QUESTÕES PARA ESTUDO

1) Que benefícios o intercâmbio mediúnico pode trazer para encarnados e desencarnados?

2) Que lições podemos extrair das seguintes passagens evangélicas mencionadas por Áulus:
" Zaqueu, o rico prestigiado pela visita que lhe foi feita, sentiu-se constrangido  a  modificar  a  sua conduta. Maria de Magdala, que lhe recebeu carinhosa atenção, não ficou livre do dever de sustentar-se  no árduo combate da renovação interior. Lázaro, reerguido das trevas do sepulcro, não foi exonerado da obrigação de aceitar, mais tarde, o desafio da morte. Paulo de Tarso foi por Ele distinguido com um apelo pessoal, às portas de Damasco, entretanto, por isso, o apóstolo não obteve dispensa dos sacrifícios que lhe cabiam no desempenho da nova missão."

3) André Luiz narra o comparecimento de um espírito suicida, em estado de grande desequilíbrio, que fora evocado pela mãe, presente à reunião. Quais as consequências ocasionadas pelo suicídio para o espírito?

4) Áulus explica que o fenômeno mediúnico não é novo e que "nova é tão somente a forma de mobilização dele." Que esninamento pretendeu transmitir o orientador com essa afirmação? Como o Espiritismo se enquadra nesse ensino?

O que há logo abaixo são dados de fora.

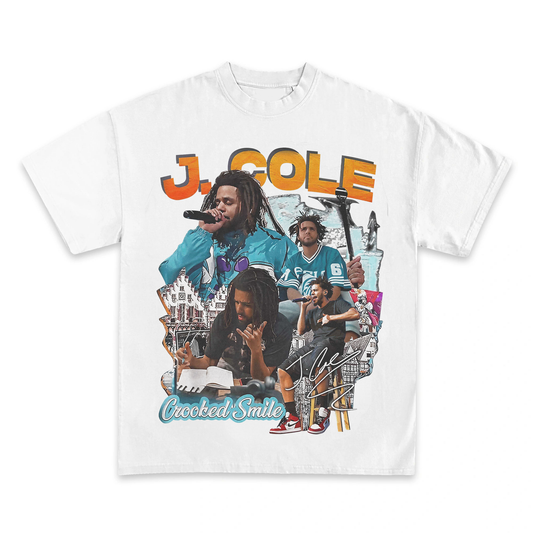 J. Cole "Crooked Smile" Graphic Tee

5) André Luiz finaliza o presente capítulo com a transcrição de uma mensagem final de Gabrioel, dirigente espiritual da reunião. Vamos interpretar alguns trechos desta mensagem:
                                            
5.a) "...é indispensável procurar na mediunidade não a chave falsa para certos arranjos inadequados na Terra, mas sim o caminho direito de nosso ajustamento à vida superior."                                                                             

5.b) "O Espiritismo, simbolicamente, é Jesus que retorna ao mundo,..."

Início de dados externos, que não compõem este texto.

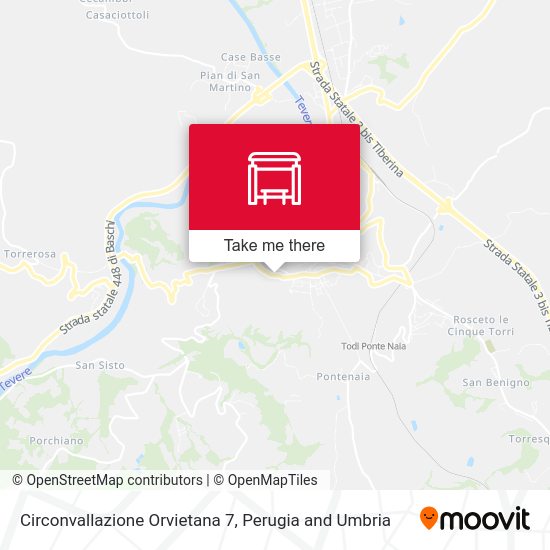 Circonvallazione Orvietana 7 map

5.c) "Não atribuamos, assim, ao médium obrigações que nos competem, em caráter exclusivo, e nem aguardamos da mediunidade funções milagreiras, porquanto só a nós cabe o serviço árduo da própria ascensão, na pauta das responsabilidades que o conhecimento superior nos impõe."

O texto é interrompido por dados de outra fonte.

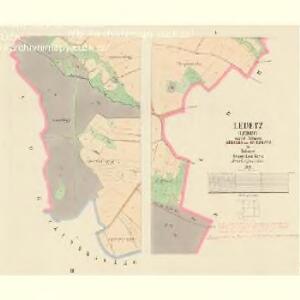 Ledetz (Ledec) - c3841-1-003 - Kaiserpflichtexemplar der Landkarten des stabilen Katasters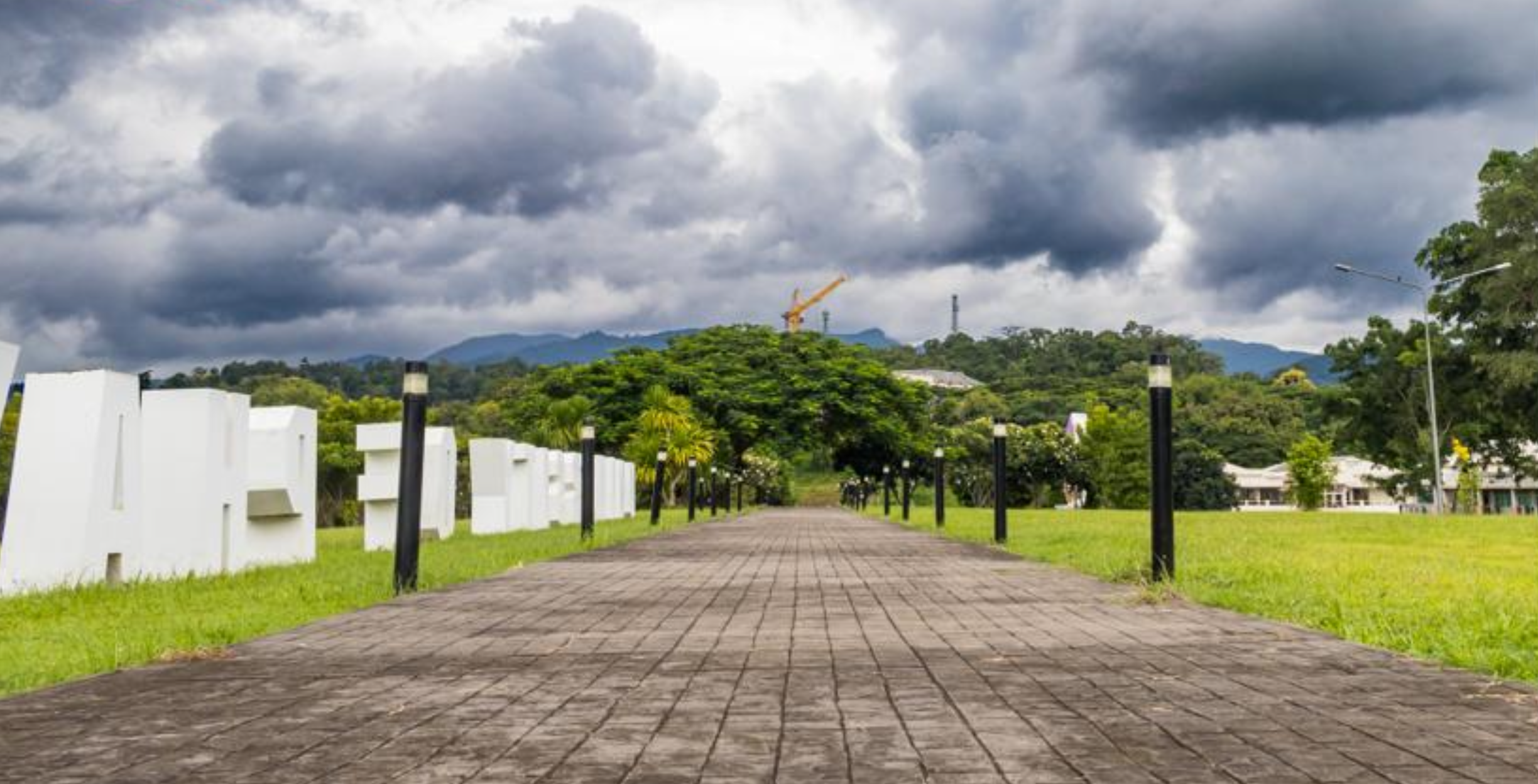 Water absorption area at University of Phayao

5.d) "Diante de nossas assertivas, podereis talvez indagar,  segundo  os  velhos  hábitos  que  nos caracterizam a preguiça mental na Terra: - Se o Espiritismo e a Mediunidade não nos solucionam os enigmas de maneira absoluta, que estarão ambos fazendo no santuário religioso da Humanidade?
Responder-vos-emos, todavia, que neles reencontramos pensamento puro do Cristo, auxiliando-nos a compreensão para mais amplo discernimento da realidade. Neles recolhemos exatos informes, quanto à lei das compensações, equacionando aflitivos problemas do ser, do destino e da dor e deixando-nos perceber, de alguma sorte, as infinitas dimensões para as quais evolvemos. E a eles deveremos, acima de tudo, a luz para vencer os tenebrosos labirintos da morte, a fim de que nos consorciemos, afinal,
com as legítimas noções da consciência cósmica."